Friday, 26 de April de 2024 ISSN 1519-7670 - Ano 24 - nº 1285

Uma grande base aliada pode ser bem frágil

A questão em torno do ministro Palocci tem sido fonte para muitas elaborações. Por uma questão acadêmica, tenho me dedicado ao estudo do escândalo político e sua relação com a mídia, especialmente. E, ultimamente, por exemplo, tenho me posicionado em várias oportunidades acerca do mensalão. Mas, o que o mensalão tem a ver com o recente caso Palocci? De forma estrita, quase nada, mas são questões que trazem a possibilidade de se ver como a relação entre o Executivo e o Legislativo são frágeis e repletas de interesses conjunturais.

Até bem pouco tempo imaginava-se que o governo Dilma, que começou dando sinais de revitalização na forma de pensar a política externa e a questão sindical, seria um governo bem mais maduro que seu antecessor. Vários setores da oposição e da mídia aplaudiram algumas movimentações do governo. O ex-presidente Fernando Henrique chegou a dizer que havia algo de muito “civilizado” no comportamento de Dilma, quando do episódio da vinda de Obama ao Brasil.

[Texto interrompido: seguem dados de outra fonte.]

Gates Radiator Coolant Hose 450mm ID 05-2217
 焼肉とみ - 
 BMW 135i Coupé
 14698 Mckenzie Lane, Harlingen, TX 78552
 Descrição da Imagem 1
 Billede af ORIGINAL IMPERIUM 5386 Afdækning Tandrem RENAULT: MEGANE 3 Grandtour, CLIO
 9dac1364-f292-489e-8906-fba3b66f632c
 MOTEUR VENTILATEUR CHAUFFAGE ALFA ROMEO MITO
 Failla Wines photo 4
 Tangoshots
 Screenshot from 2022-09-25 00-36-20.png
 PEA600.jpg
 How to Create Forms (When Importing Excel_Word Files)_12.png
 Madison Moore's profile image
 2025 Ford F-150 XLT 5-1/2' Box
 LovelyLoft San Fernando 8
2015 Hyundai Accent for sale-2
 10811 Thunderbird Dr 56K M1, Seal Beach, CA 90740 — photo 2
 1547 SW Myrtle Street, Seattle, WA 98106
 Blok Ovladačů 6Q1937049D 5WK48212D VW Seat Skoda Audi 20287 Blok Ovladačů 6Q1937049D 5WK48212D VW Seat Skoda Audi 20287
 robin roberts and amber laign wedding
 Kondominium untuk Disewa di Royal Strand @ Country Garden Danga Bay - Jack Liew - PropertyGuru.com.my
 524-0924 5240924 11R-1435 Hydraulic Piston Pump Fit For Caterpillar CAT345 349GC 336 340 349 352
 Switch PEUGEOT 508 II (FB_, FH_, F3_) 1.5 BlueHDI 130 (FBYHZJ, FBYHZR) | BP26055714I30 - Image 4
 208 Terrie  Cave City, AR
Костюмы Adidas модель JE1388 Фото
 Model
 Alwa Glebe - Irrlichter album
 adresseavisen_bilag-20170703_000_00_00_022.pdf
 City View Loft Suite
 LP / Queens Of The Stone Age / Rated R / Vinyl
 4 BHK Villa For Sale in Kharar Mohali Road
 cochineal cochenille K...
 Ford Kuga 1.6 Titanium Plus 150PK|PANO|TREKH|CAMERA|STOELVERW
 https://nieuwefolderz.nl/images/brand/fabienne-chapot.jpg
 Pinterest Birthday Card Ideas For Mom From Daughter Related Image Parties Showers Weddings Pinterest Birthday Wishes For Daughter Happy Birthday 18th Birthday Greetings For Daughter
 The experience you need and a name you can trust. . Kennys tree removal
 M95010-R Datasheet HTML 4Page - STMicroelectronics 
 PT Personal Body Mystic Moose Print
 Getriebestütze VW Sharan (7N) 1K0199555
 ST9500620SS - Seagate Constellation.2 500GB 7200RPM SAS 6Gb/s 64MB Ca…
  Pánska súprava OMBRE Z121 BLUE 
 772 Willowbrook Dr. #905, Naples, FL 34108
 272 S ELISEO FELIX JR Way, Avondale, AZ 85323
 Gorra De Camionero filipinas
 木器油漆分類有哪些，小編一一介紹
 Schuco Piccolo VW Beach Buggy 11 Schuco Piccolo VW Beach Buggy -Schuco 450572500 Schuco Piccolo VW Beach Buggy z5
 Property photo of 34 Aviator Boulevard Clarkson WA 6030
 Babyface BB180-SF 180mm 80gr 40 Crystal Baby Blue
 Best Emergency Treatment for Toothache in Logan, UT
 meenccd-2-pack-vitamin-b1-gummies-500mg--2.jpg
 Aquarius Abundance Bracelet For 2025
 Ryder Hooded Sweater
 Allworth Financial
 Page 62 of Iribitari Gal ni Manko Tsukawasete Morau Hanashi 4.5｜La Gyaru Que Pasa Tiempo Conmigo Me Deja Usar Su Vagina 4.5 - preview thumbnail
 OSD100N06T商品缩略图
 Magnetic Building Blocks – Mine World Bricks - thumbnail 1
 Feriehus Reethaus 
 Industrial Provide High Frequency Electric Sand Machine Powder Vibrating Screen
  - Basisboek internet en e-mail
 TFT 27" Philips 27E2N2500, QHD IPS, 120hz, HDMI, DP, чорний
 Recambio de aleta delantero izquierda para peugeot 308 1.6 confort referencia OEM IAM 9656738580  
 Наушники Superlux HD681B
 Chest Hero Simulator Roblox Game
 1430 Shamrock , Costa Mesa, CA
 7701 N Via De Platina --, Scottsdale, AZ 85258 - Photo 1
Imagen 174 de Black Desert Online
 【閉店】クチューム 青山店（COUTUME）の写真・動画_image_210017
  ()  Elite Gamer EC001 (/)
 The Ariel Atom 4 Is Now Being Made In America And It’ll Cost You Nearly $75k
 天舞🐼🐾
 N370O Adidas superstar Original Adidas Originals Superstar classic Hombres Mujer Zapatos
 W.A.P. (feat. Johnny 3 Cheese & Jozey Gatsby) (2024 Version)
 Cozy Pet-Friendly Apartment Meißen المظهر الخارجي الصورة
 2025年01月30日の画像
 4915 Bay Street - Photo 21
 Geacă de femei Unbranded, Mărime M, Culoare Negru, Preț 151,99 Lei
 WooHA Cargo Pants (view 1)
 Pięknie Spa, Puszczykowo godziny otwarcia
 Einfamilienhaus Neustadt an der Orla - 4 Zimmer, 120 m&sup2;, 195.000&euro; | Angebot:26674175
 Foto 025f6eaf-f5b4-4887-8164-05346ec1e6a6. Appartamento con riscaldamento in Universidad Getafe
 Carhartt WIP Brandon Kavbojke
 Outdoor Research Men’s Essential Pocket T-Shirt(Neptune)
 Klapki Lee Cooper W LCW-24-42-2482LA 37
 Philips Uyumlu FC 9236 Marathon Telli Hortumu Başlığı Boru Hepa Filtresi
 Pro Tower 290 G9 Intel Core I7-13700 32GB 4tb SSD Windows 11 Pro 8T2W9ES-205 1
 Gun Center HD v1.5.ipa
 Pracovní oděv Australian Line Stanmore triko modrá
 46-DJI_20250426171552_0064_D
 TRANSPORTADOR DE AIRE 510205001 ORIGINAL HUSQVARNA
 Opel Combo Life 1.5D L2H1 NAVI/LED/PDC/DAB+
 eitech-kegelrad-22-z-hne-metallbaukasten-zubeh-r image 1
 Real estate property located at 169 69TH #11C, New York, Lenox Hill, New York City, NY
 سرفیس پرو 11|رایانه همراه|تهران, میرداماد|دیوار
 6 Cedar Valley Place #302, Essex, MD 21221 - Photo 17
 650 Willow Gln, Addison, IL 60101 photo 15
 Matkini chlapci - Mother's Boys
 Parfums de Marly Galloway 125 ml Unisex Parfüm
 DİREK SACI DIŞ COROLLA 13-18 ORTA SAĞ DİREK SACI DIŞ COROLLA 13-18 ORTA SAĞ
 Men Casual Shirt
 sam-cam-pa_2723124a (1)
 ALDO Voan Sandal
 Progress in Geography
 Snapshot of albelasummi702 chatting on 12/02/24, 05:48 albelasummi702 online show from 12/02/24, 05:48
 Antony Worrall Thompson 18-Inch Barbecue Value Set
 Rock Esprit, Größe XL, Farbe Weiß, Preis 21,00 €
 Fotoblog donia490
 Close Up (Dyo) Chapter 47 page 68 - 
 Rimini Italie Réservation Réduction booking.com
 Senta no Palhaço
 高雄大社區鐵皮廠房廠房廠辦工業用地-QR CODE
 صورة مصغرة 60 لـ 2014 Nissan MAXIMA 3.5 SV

Além disso, no Congresso, a oposição parecia que seria facilmente esmagada pelo rolo compressor de uma imensa base aliada.

Chantagens a todo instante

Mas, o que aconteceu? As coisas não estão se revelando tão simples. A presidente parece ter perdido o controle sobre os fatos. Desde o anúncio de sua pneumonia, está muito afastada. Em seguida veio o caso Palocci e ela continuou muito calada, só vindo à tona para pedir que não politizassem a questão. Pedido difícil, pois seus próprios aliados, ao invés de optarem por esclarecer as dúvidas, acusam todos de “golpistas”. Depois, veio o ex-presidente Lula, ocupando um espaço que responde a duas necessidades: atende à sua saudade pelo poder e atende à fragilidade de Dilma no quesito relacionamento com o Congresso. A presidente Dilma não é tão forte como se chegou a imaginar. Ela tem uma postura gerencial e técnica muito forte, isso é verdade, mas em se tratando de “política”, ela é muito frágil. E o grande receio é que entregue a coordenação política de seu governo a alguém que alimente expectativas imperiais, como foi o caso de José Dirceu quando do início do governo Lula.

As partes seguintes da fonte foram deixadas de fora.